### About this task
Which lines run from the one containing "Happy Green Clover" to the last line of the entries? Return them exactly, with nothing more.

***** Records *****

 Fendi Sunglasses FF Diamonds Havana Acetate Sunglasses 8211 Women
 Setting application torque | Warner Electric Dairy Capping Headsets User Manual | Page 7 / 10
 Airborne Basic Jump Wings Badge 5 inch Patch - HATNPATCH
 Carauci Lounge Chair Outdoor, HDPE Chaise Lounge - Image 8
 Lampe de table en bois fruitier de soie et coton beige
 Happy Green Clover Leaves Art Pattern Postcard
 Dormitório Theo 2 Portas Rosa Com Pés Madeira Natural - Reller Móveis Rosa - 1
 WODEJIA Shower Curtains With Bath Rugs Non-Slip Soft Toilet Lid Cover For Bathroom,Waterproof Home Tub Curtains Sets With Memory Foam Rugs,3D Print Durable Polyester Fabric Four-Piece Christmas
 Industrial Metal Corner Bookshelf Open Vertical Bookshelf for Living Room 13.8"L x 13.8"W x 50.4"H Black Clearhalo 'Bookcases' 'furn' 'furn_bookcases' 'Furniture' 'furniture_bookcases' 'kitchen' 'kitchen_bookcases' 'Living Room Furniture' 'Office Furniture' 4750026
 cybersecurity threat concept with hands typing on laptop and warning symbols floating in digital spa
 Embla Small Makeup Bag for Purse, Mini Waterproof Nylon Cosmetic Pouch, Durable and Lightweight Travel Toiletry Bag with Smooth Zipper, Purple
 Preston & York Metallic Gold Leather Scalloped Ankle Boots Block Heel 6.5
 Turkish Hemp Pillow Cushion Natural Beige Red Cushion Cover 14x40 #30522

*****

### Your solution
 Happy Green Clover Leaves Art Pattern Postcard
 Dormitório Theo 2 Portas Rosa Com Pés Madeira Natural - Reller Móveis Rosa - 1
 WODEJIA Shower Curtains With Bath Rugs Non-Slip Soft Toilet Lid Cover For Bathroom,Waterproof Home Tub Curtains Sets With Memory Foam Rugs,3D Print Durable Polyester Fabric Four-Piece Christmas
 Industrial Metal Corner Bookshelf Open Vertical Bookshelf for Living Room 13.8"L x 13.8"W x 50.4"H Black Clearhalo 'Bookcases' 'furn' 'furn_bookcases' 'Furniture' 'furniture_bookcases' 'kitchen' 'kitchen_bookcases' 'Living Room Furniture' 'Office Furniture' 4750026
 cybersecurity threat concept with hands typing on laptop and warning symbols floating in digital spa
 Embla Small Makeup Bag for Purse, Mini Waterproof Nylon Cosmetic Pouch, Durable and Lightweight Travel Toiletry Bag with Smooth Zipper, Purple
 Preston & York Metallic Gold Leather Scalloped Ankle Boots Block Heel 6.5
 Turkish Hemp Pillow Cushion Natural Beige Red Cushion Cover 14x40 #30522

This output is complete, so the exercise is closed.